It's like any time we take a step forward in one area we have to reinvent the la...

vidarh · on June 1, 2016

Persistent storage isn't a hard problem. Distributed, well performing, scalable and consistent storage is a hard problem.

dap · on June 1, 2016

Actually, persistent storage is fairly hard in itself. Look at what ZFS does to ensure data integrity in the face of phantom writes, dropped writes, bad controllers, and other implicit, non-fatal failures.

vidarh · on June 1, 2016

ZFS still also have the issue of having to perform well. You have a point, but ZFS is still trivial compared to a proper distributed filesystem, and you could achieve the same reliability much easier than ZFS if you sacrificed the performance.

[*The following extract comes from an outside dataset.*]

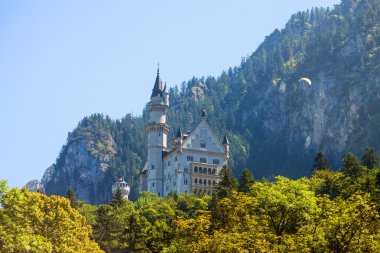 Neuschwanstein Şatosu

thinkersilver · on June 1, 2016

The ClusterHQ guys behind the FlockerHQ found this out the hard way [0]. Initially Flocker was meant to provide a container data migration tool on top of ZFS, now it is a front-end to more established storage systems like Cinder,vSan,EBS,GPD and so on.

[0] https://docs.clusterhq.com/en/latest/faq/#what-happened-to-z...

dap · on June 1, 2016

Absolutely -- I didn't mean to imply that ZFS even comes close to solving the distributed parts of the problem, but rather that a distributed storage system does have to address the problems of putting bits on disk.

zzzcpan · on June 1, 2016

> Actually, persistent storage is fairly hard in itself

Don't we have distributed data storages precisely because it's impossible to guaranty persistence locally? It's kind of a way to not bother trying to solve the impossible, but to achieve some guarantees on a different level.

wnoise · on June 1, 2016

That's one use case, but far more common is reducing latency and increasing bandwidth for distributed computing acting on a shared set of data.

nickpsecurity · on June 1, 2016

Persistent storage on today's filesystems and complex hardware is a hard problem. All kinds of failures can happen during any write. Some are obvious with some silently corrupting data. There's been decades of work on approaches to dealing with this with a variety of tradeoffs. Picking the right one for a widely-deployed, portable, distributed app is tricky by itself.

They're aiming to do a lot more than that. ;)